Task directions: Without the pictures, give the records again exactly as they appear.

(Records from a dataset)

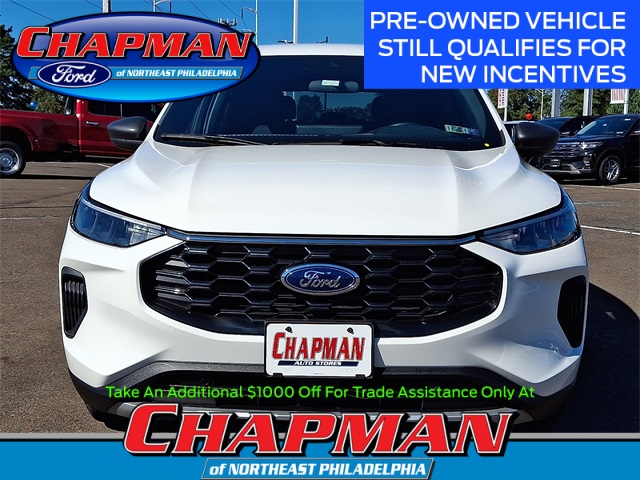 2025 Ford Escape ST-Line photo 2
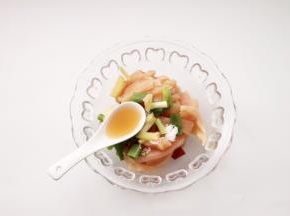 料酒半汤匙去腥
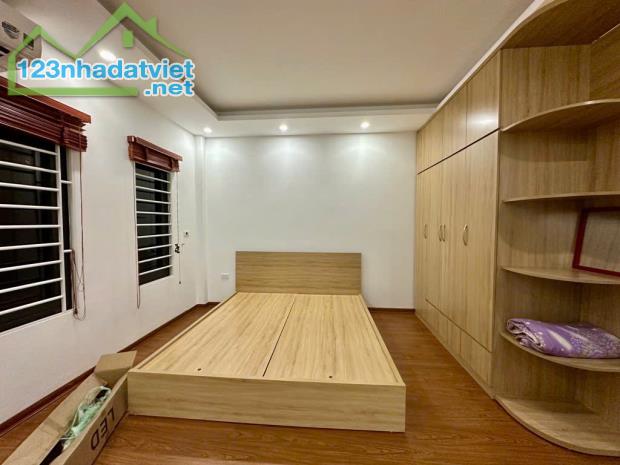 Bán Nhà Phan Đình Giót, 48m², Ngõ Thông, Ô Tô, Thoáng Sáng, Giá Chỉ 6.45 Tỷ - 4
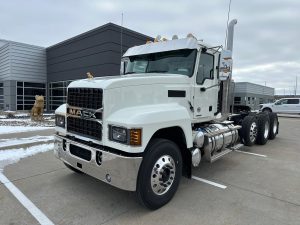2026 MACK PINNACLE 84T 10023953068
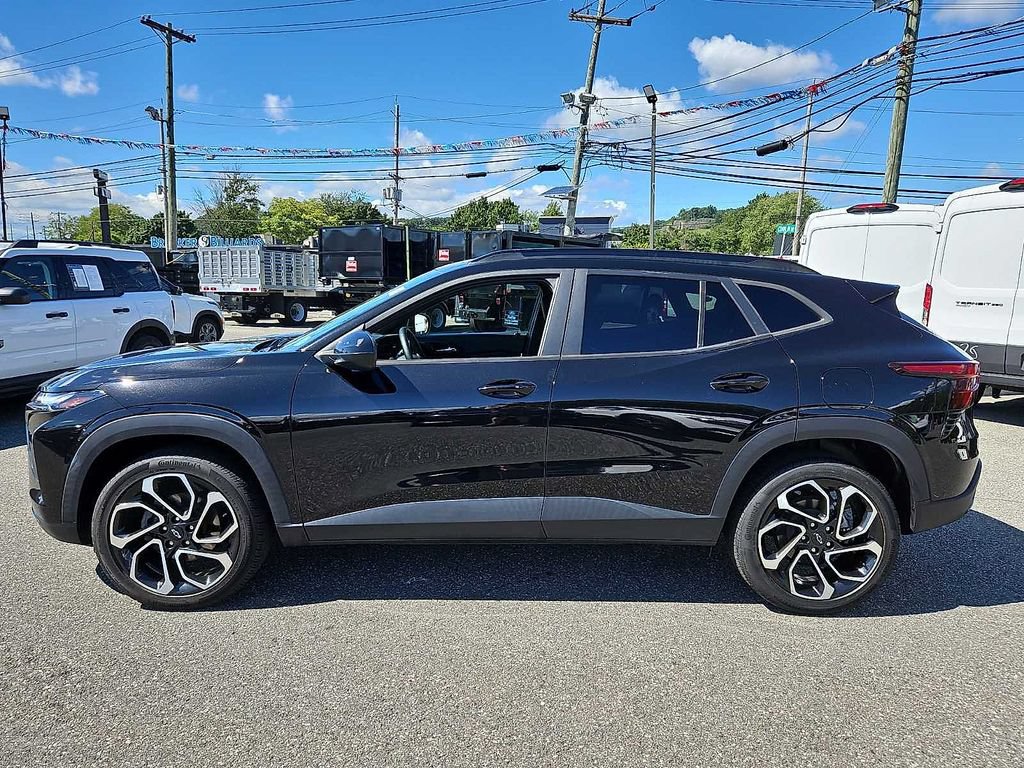 Used 2024 Chevrolet Trax RS w/ Driver Confidence Package FWD image 7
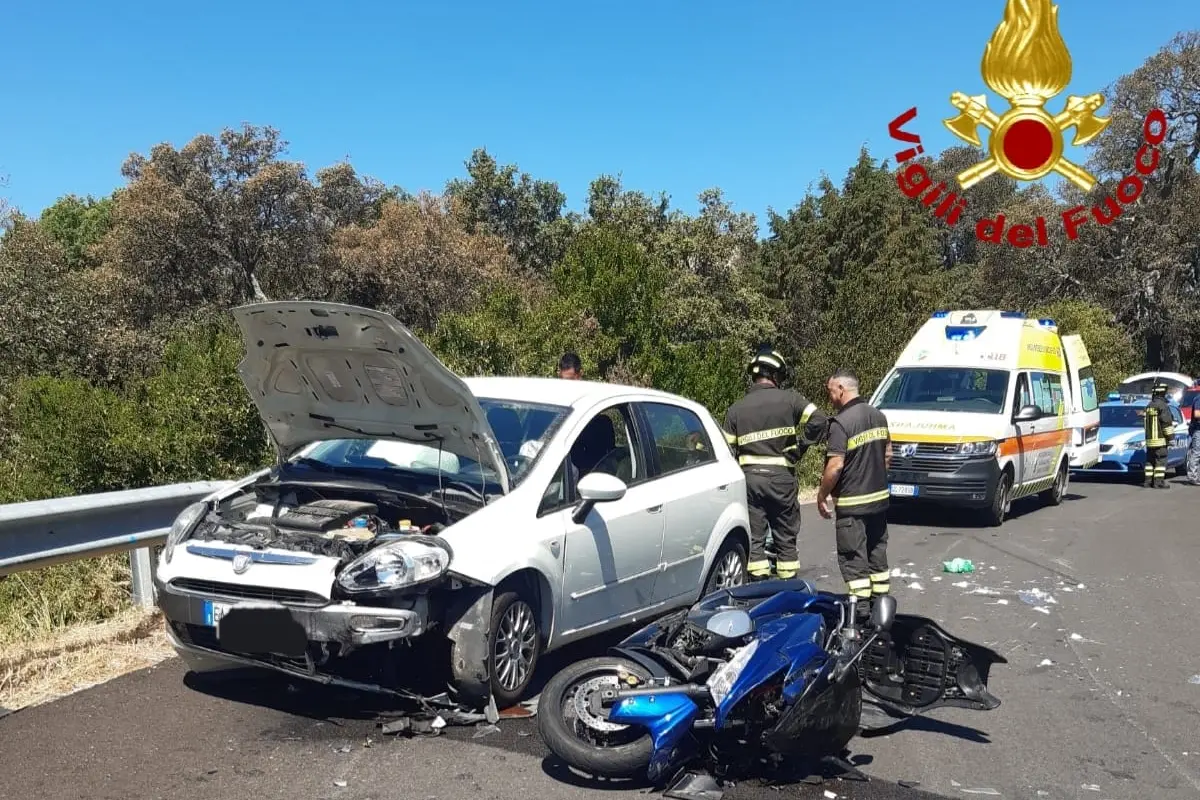 Die beiden Fahrzeuge nach dem Unfall (Foto Feuerwehr)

Answer box:
 2025 Ford Escape ST-Line photo 2
 料酒半汤匙去腥
 Bán Nhà Phan Đình Giót, 48m², Ngõ Thông, Ô Tô, Thoáng Sáng, Giá Chỉ 6.45 Tỷ - 4
2026 MACK PINNACLE 84T 10023953068
 Used 2024 Chevrolet Trax RS w/ Driver Confidence Package FWD image 7
 Die beiden Fahrzeuge nach dem Unfall (Foto Feuerwehr)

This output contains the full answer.